1 June 2018

Orphy Robinson Interview

You’re appearing at Love Supreme Festival this year. Have you performed there before?

    “No, funnily enough I’ve been every year, apart from the first year, but always to hang out. I just love the idea of it. I’ve done camping and then going ‘no, that’s a silly idea’, then gone to hotels in Newhaven or Lewes. So I’ve been there every year. Last year, somebody quite high up in the organisation asked me ‘how many times have you played?’. I said that I hadn’t played and they said ‘but we’ve seen you here every year’ and I had to say ‘no, no, no, I’m just hanging out’.

    I’m just loving that there’s this vehicle and I can see new, young bands. There’s a small stage run by a local organisation so you see young students and then all the way up to the main stage. I just like the variety. Also, it’s great to have an outdoor festival that covers that type of music, or all those styles of music. Normally if you go and do Latitude or Glastonbury they’ve got a little bit but we want more!

    For the last couple of years, as soon as we come back from Love Supreme we book the hotel for the next year. It’s just such fun. I just love the atmosphere, I love everything about it, so to be invited this year was an added bonus. This year I’ve got to concentrate on playing but that’s fine. It’s just the whole thing of being there.”

 

Tell us about the band that you’re bringing to Love Supreme.

    “After Bobby Hutcherson passed away in 2016 I was approached by a promoter in London to do a tribute concert. I’ve always stayed away from doing that sort of thing. I hadn’t really covered any Bobby Hutcherson since the Nineties. My whole music playing, making and creating had shifted very much away from the standards and swing. In fact it had gone right over to lots of free improv and the more sort of avant garde area of stuff, and playing with lots of artists within that field. So this came out of the blue. I thought about it for a little bit and then thought ‘yeah, why not?’. He was one of my top six vibraphone players and edging it at the top.”

    “The idea was that I could cherry-pick music from different albums across his career so not just his solo albums but also albums that he’d played on, like with Joe Henderson, Jackie McLean and so on. It was a really interesting moment because normally I do all the arrangements and writing in my studio at the end of the garden but for some reason, for this one, I wrote it all in the kitchen! I’ve no idea why. I wrote it all on a really little keyboard that really made me focus, without all the trappings of all the other toys that you have.”
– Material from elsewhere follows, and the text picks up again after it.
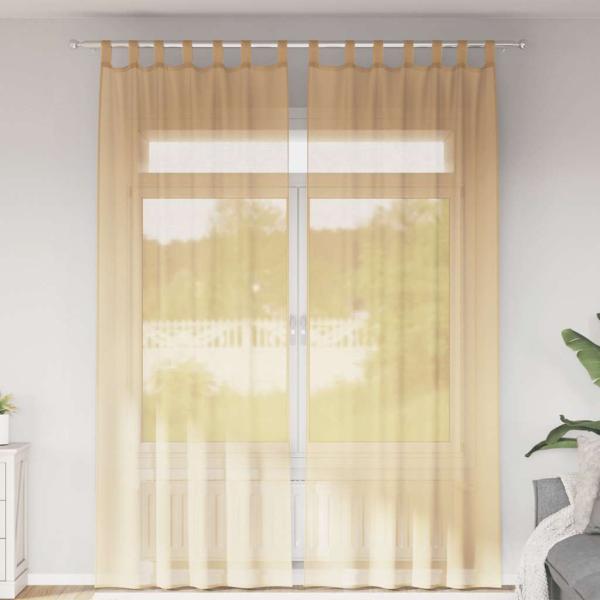 ARDEBO.de - Voile Vorhänge mit Schlaufen 2 Stk. Sandfarbe 140x260 cm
    “I was able then to choose Tony Kofi on alto sax, Rowland Sutherland on flute (I’ve worked with Rowland since the Nineties on the Blue Note records that I did), Byron Wallen on trumpet (a fantastic player) and Robert Mitchell on piano who was a big choice of mine. I’ve known Robert for a very long time, coming through as a promising player through to way more than that as a fantastic musician and writer. There was another young person that I wanted to bring on board which was Nubya Garcia on tenor. She brought a lovely sound and a young, fresh approach that really made the music work well. On drums Mark Mondesir, a fantastic player who plays right across the board, all around the world with lots of high profile people, but we go back to the Courtney Pine band in the 1980s, from his first album. On bass is my co-pilot who is pretty much on everything I do, Dudley Phillips.”
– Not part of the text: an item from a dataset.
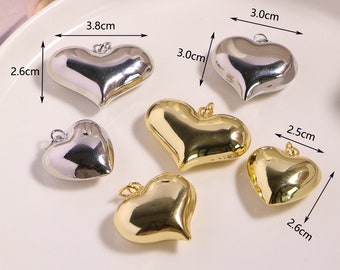 10PCS, Gold Plated Heart pendant, Gold Puff Heart Pendant, Silver Heart Pendant, Smooth Heart Charms For Jewelry Making Supplies.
    “It was a complete sound that I heard in my head which meant that we could cover lots of different things right across the board. We even had a nod toward doing a Milt Jackson cover, Tahiti, that I know Bobby loved as well. We covered Montara, Little B’s Poem through to the Wayne Shorter album that Bobby played on, Rio. And Gazelloni and Hat and Beard from Out to Lunch. It’s been great to be able to cherry-pick things from right across the board. And also to have these wonderful players who want to play with me as well. It’s one of those moments when I remember the promoter saying ‘but can we get them? We want to do this in the next month’. I said they were all really busy but I’d try. Everyone I called, they were all available. That’s really unusual. Maybe I should do last minute things all the time. Maybe that’s the way to get them.”

    “At Love Supreme, unfortunately we’ve been given a morning slot so we’ll miss two of the musicians. Dudley Phillips will be flying back from another gig and unfortunately Nubya Garcia who is also flying back around the same time as Dudley Phillips. We’ll miss Nubya as well. But I’m still looking forward to it.”

 

You do a lot of other things. Last month I interviewed Carleen Anderson and she said a lot of nice things about you.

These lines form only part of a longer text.